Records for processing:
━━━━━━━━━━━━━━━━━━━━━━━━━━━━━━

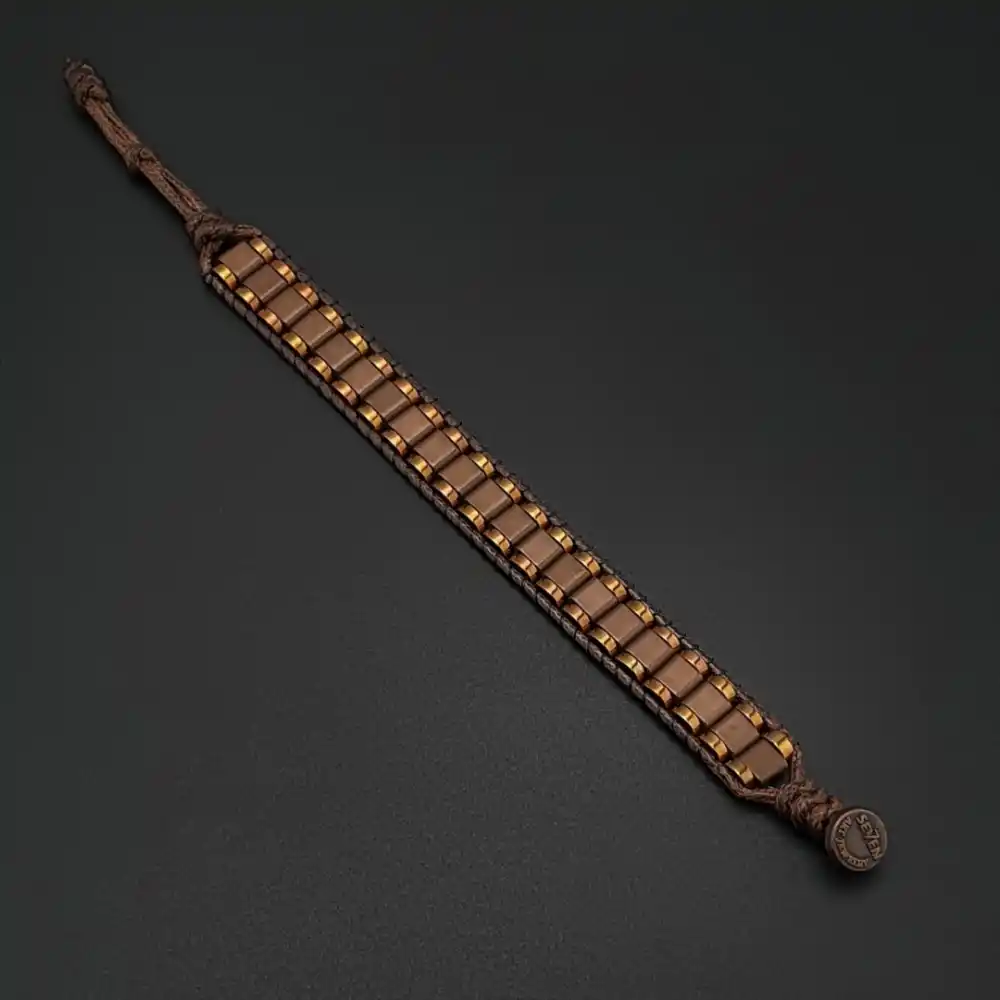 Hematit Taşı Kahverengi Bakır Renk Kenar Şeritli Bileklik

━━━━━━━━━━━━━━━━━━━━━━━━━━━━━━

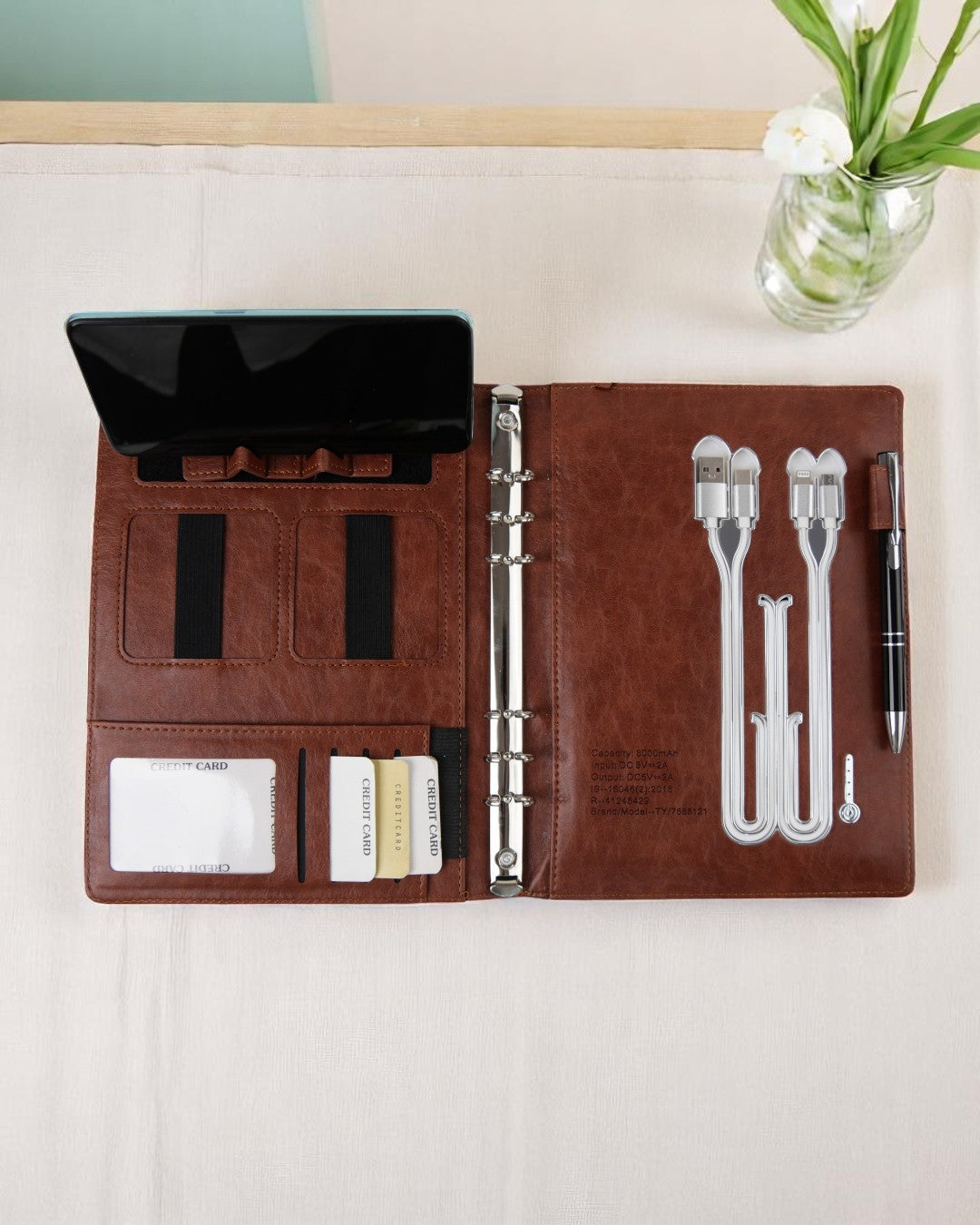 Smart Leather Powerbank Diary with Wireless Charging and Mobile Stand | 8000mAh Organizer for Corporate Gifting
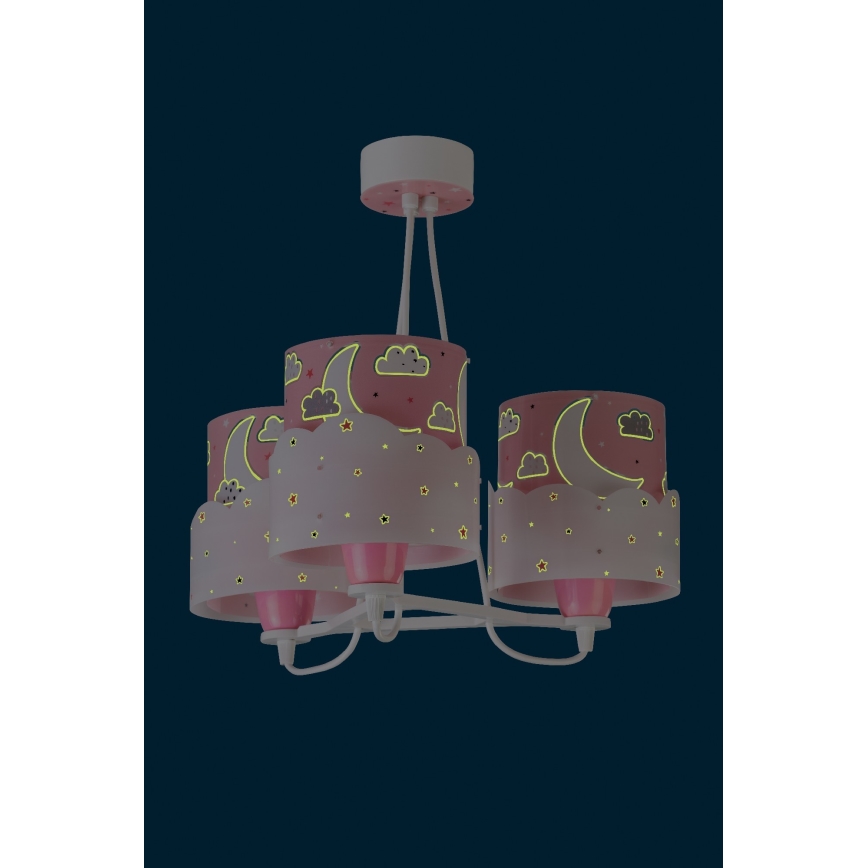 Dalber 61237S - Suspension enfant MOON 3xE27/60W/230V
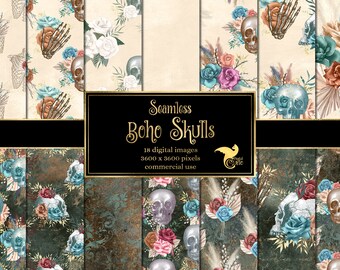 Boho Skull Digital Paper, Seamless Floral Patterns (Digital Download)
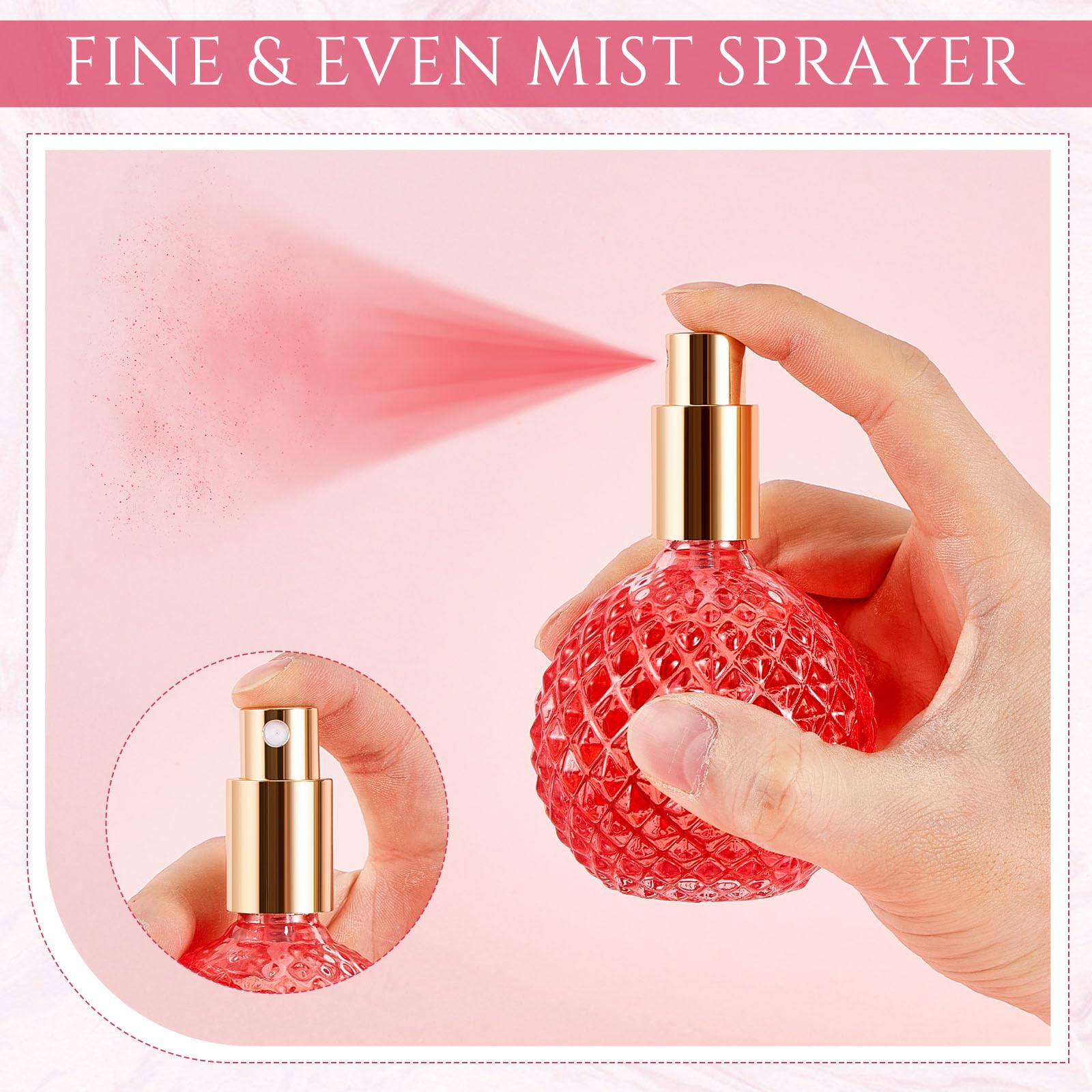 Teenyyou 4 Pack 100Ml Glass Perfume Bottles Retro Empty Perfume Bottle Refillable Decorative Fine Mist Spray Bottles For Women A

━━━━━━━━━━━━━━━━━━━━━━━━━━━━━━

Start at the line containing "Dalber 61237S - Suspension" above and stop at the line containing "Teenyyou 4 Pack". Output those lines exactly, both included, but none of the pictures.

 Dalber 61237S - Suspension enfant MOON 3xE27/60W/230V
 Boho Skull Digital Paper, Seamless Floral Patterns (Digital Download)
 Teenyyou 4 Pack 100Ml Glass Perfume Bottles Retro Empty Perfume Bottle Refillable Decorative Fine Mist Spray Bottles For Women A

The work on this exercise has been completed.